Maar toch, er komen ook mensen terug. Vaak na een carrière elders, waar het leven wel goed was, maar waar heimwee bleef knagen. Want waar anders dan in Coronie, kun je rustig en zonder haast leven? Waar kan je zo lekker in de zwamp vissen? “Ik wil best weg gaan, voor vakantie”, hoorden we zeggen, “maar waar ik wil blijven, dat is hier, in Coronie.” We zagen de liefde voor Coronie ook in de gedichten die schoolkinderen schreven: ‘Mijn droomhuis is in Coronie.
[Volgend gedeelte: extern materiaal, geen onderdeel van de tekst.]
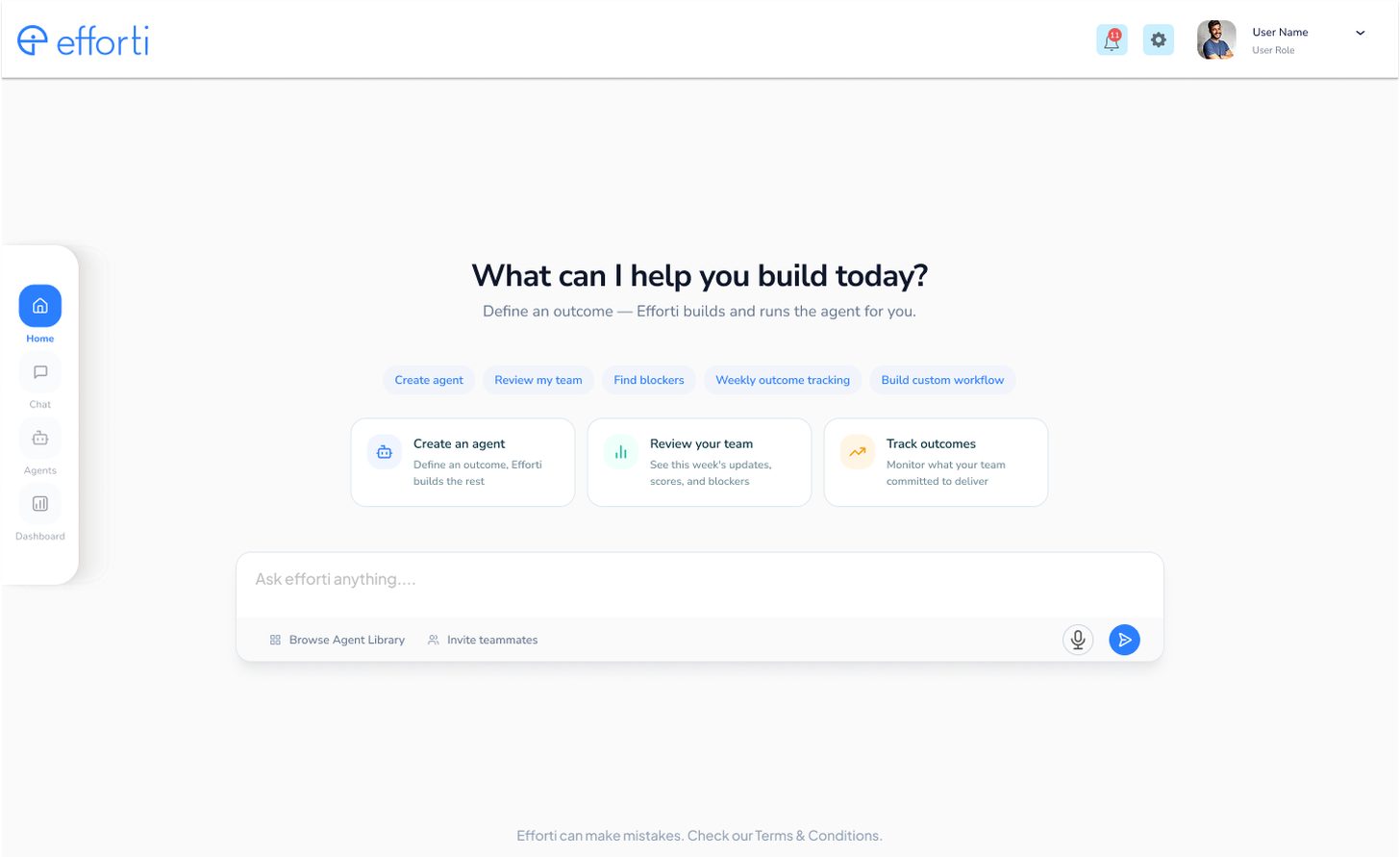 Efforti home: describe the outcome in your own words and Efforti builds and runs the agent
Ik vind het fijn om er in te zijn. Elke dag voel ik de zeewind. ‘s Morgens als ik wakker word, neem ik mijn kalebas. Dan was ik me in de rivier. (uit een gedicht door Astracia Fraser). Of: ‘Mijn droomhuis zou in de diepste bossen zijn, langs de grootste oceaan. Dan hoor ik vogels zingen, slangen sissen, vissen zwemmen de hele dag’ (uit een gedicht door Rayene Zinhagel).
Poëzieworkshops
Na het eerste bezoek aan Coronie volgden er meer. Het project had inmiddels financiering gekregen van onder meer de Nederlandse ambassade in Paramaribo en was ondergebracht bij Stichting Stibosur. Andere Surinaamse instanties en personen zegden hun medewerking toe. Langzaam maar zeker kreeg het project vorm en ging het leven. Er werden poëzieworkshops voor schoolkinderen in Coronie gegeven door Celestine Raalte en tekenworkshops door docenten van de Nola Hatterman Art Academy.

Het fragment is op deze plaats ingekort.